La importancia de Iván IV para la historia de Europa radica en haber concitado tantas esperanzas dentro de un país dividido y anárquico, interpretando un papel director que le condujo a una megalomanía exterminadora. Difícil tarea para el historiador que se enfrenta a imagen tan concluyente. Isabel de Madariaga, catedrática emérita de Estudios Rusos de la Universidad de Londres, resuelve con maestría la empresa, tratando de conocer al hombre, sin dejarse dominar por su larga sombra (aquella que inmortalizó Eisenstein) e intentando comprender sus decisiones, sin juzgarlas.

El escaso rastro del personaje no facilita la labor (no ha quedado registro de sus cartas y encomiendas) y es sólo compensado por la relativa abundancia de datos fiscales y militares. Los relatos escritos por extranjeros o por aristócratas fugitivos completan el cuadro del investigador. El más sobrecogedor entre estos últimos fue la Gran Súplica de Andrei Kurbski, el victorioso militar de las campañas de Kazan, el fiel servidor que cae en desgracia después de la batalla de Nevl. La carta que escribe Kurbski refugiado en Lituania es un documento excepcional. La autora lo utiliza, con buen criterio, como testimonio de la indignación que se ha extendido entre boyardos y oficiales ante la arbitrariedad y la crueldad de las actuaciones del zar. El gobernante retratado como una bestia salvaje ávida de sangre responde acusando al otrora bien amado de traidor e iconoclasta, encastillándose, así, en su Kremlin interior donde escucha las voces que le aclaman como el Servidor divino que ha desplegado las águilas por el ecúmene.

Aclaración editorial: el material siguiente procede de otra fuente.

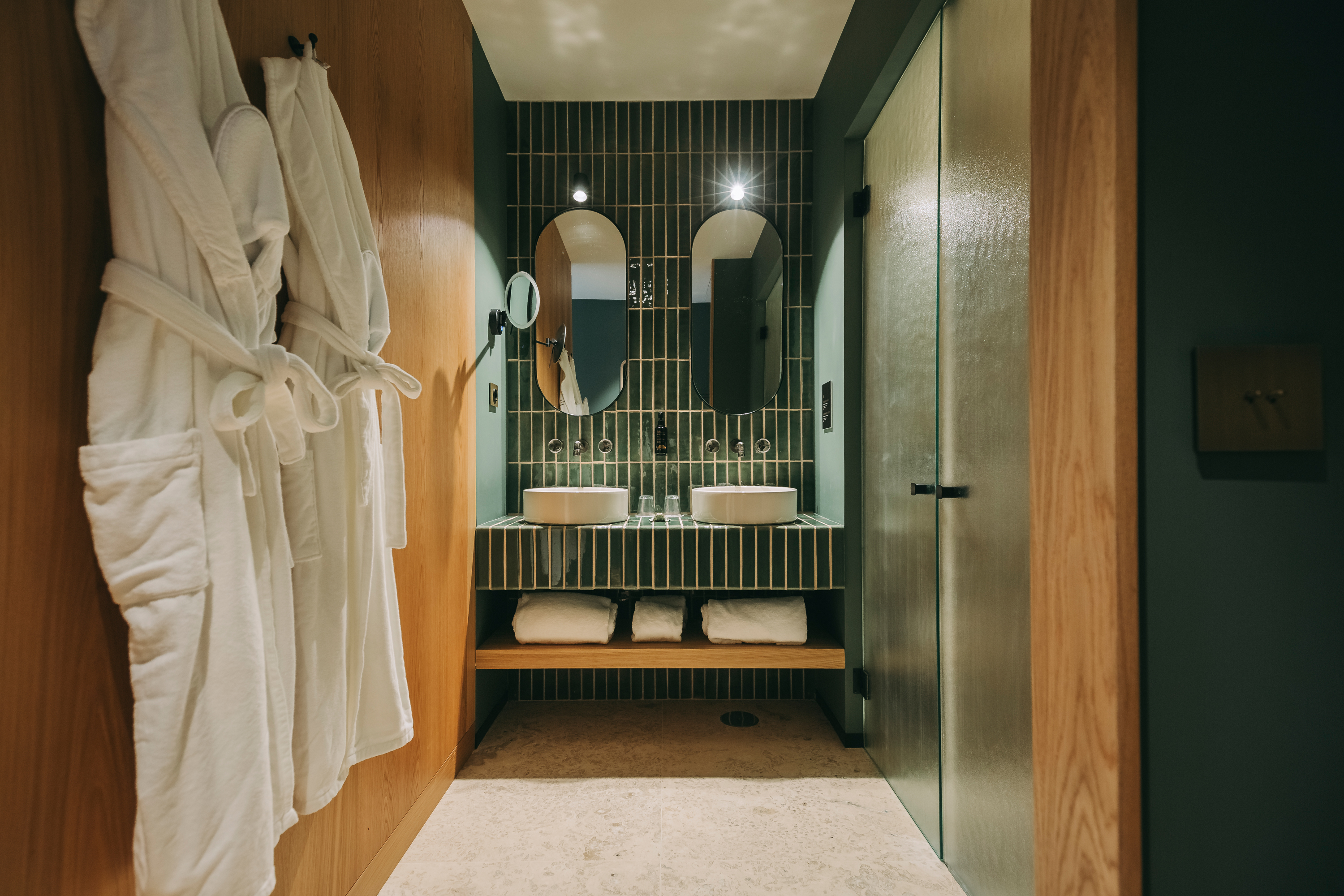 Double Executive Superior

El episodio supuso sólo la antesala de la brutal política de sometimiento del clero y de fidelización de la nobleza que aplicó el monarca en lo sucesivo. Se ha dicho de ella que fue la respuesta colérica al rencor segregado en su desgraciada infancia, mientras para otros evidenciaría el tropismo impulsivo del caudillo ante la menor sospecha de conjura. Isabel de Madariaga añade a estos argumentos otro de peso: el fracaso de la guerra del Báltico fue, en realidad, la espoleta que desató la huida del autócrata hacia delante al poner en marcha su más ambiciosa reforma, la creación de un dominio personal (oprichnina) que supuso la enajenación de las grandes fincas del clero y los boyardos, que sólo conservaron las tierras peores de la periferia. Una nueva clase de propietarios, los oprichniki, administrarían la reserva del zar y nutrirían su guardia particular. Sus incursiones de castigo contra todos los enemigos del régimen se han hecho famosas en la novela histórica y en el cine. Sin reparar en la atrocida de los métodos, la represión se cebó especialmente en las ciudades comerciales (el saqueo de Novgorod) y contra la aristocracia moscovita, que sufrió las peores vejaciones en la terrible jornada del 25 de julio de 1570.

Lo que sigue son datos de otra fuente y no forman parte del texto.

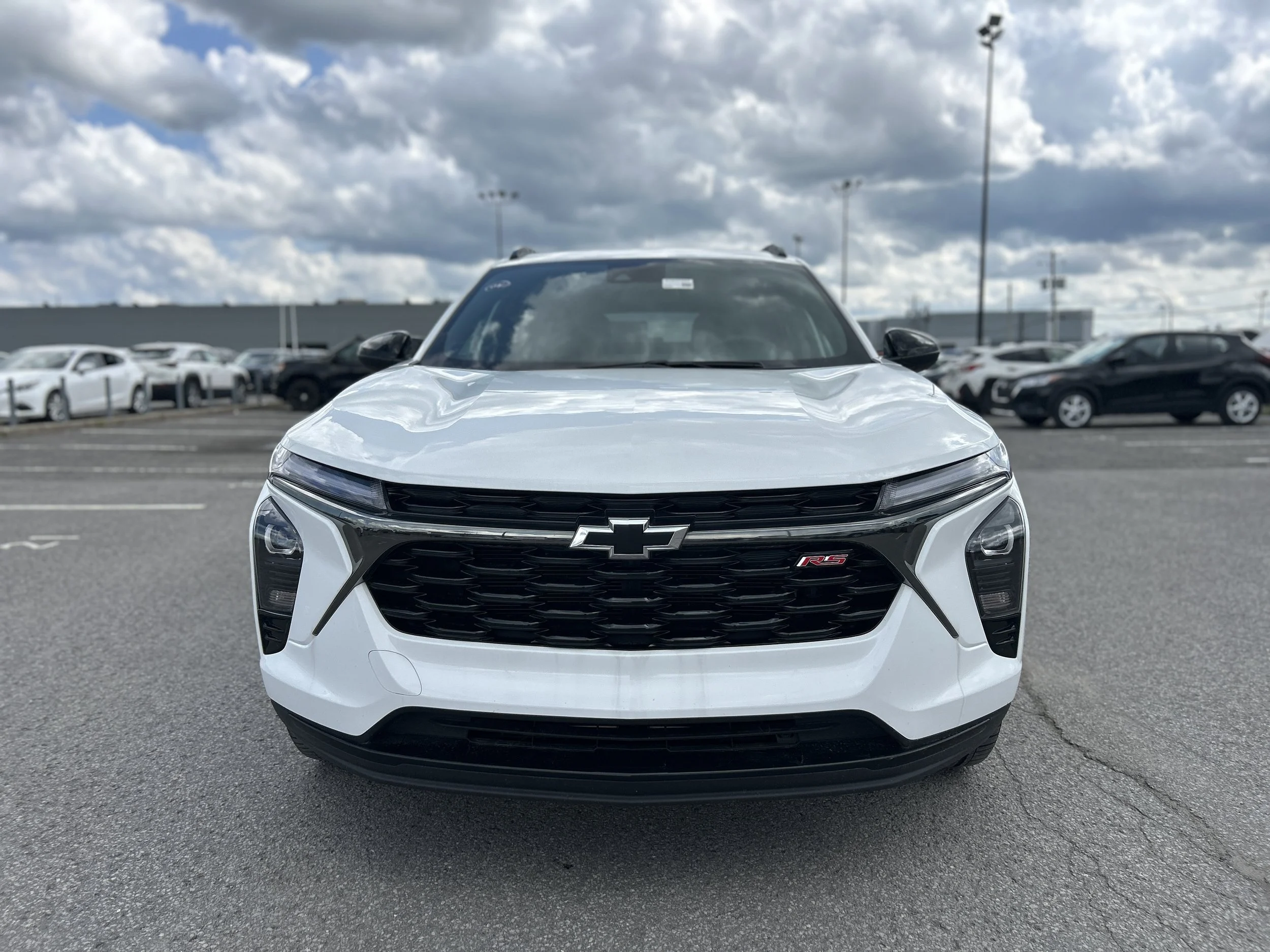 2025 Chevrolet Trax 2RS — photo 2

La purga de la aristocracia no acabó con los problemas del zar, acosado por los suecos en el norte y por los tártaros en Crimea. Y su legado de autoritarismo expansivo se vino abajo al final del largo reinado.

Más allá de las ideologías que lo enaltecieron como prefiguración del gobernante reformador y progresista en tiempos de Stalin o denostaron, luego, sometiéndolo a un juicio moral que ignoró sus circunstancias, Isabel de Madariaga, como ya hiciera en la biografía de Catalina la Grande, se limita a analizar al personaje en su contexto, estableciendo como balance la consolidación del trono frente a la amenaza de los grandes y la ampliación del territorio sometido a la autoridad rusa.

Isabel de Madariaga. Alianza. Madrid, 2008. 654 páginas. 25 euros.